[Assignment] Leave out every line that comes before the one containing "Stylish White Modern", and reproduce the rest of the listing below exactly, through its last line.

[Information provided]
────────────────
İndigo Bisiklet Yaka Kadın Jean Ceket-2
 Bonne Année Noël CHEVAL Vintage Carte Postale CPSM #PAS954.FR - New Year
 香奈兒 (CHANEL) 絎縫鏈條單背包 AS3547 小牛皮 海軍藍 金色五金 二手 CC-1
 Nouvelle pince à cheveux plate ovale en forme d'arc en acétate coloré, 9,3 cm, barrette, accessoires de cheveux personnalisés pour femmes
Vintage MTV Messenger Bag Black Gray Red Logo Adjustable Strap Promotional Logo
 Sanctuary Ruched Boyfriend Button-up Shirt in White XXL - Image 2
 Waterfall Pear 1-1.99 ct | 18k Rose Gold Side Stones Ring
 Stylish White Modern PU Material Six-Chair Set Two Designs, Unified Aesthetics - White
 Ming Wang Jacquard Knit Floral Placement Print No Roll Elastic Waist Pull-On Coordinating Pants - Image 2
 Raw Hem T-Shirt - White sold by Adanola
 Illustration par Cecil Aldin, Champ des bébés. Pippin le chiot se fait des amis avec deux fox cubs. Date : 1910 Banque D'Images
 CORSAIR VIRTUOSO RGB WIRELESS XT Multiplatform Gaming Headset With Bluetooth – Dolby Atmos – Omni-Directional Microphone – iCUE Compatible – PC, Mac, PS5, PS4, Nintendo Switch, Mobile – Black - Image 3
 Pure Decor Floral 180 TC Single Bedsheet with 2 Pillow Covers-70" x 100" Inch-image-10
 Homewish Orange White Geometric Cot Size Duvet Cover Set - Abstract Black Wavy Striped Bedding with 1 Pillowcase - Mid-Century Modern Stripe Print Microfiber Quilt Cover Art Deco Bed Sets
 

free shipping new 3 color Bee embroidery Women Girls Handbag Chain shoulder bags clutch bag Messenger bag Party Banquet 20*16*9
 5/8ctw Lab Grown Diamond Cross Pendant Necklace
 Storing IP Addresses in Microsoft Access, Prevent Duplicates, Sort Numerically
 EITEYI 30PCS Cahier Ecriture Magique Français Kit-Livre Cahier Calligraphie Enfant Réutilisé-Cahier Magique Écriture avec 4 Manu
────────────────
[Result of this task]
 Stylish White Modern PU Material Six-Chair Set Two Designs, Unified Aesthetics - White
 Ming Wang Jacquard Knit Floral Placement Print No Roll Elastic Waist Pull-On Coordinating Pants - Image 2
 Raw Hem T-Shirt - White sold by Adanola
 Illustration par Cecil Aldin, Champ des bébés. Pippin le chiot se fait des amis avec deux fox cubs. Date : 1910 Banque D'Images
 CORSAIR VIRTUOSO RGB WIRELESS XT Multiplatform Gaming Headset With Bluetooth – Dolby Atmos – Omni-Directional Microphone – iCUE Compatible – PC, Mac, PS5, PS4, Nintendo Switch, Mobile – Black - Image 3
 Pure Decor Floral 180 TC Single Bedsheet with 2 Pillow Covers-70" x 100" Inch-image-10
 Homewish Orange White Geometric Cot Size Duvet Cover Set - Abstract Black Wavy Striped Bedding with 1 Pillowcase - Mid-Century Modern Stripe Print Microfiber Quilt Cover Art Deco Bed Sets
 

free shipping new 3 color Bee embroidery Women Girls Handbag Chain shoulder bags clutch bag Messenger bag Party Banquet 20*16*9
 5/8ctw Lab Grown Diamond Cross Pendant Necklace
 Storing IP Addresses in Microsoft Access, Prevent Duplicates, Sort Numerically
 EITEYI 30PCS Cahier Ecriture Magique Français Kit-Livre Cahier Calligraphie Enfant Réutilisé-Cahier Magique Écriture avec 4 Manu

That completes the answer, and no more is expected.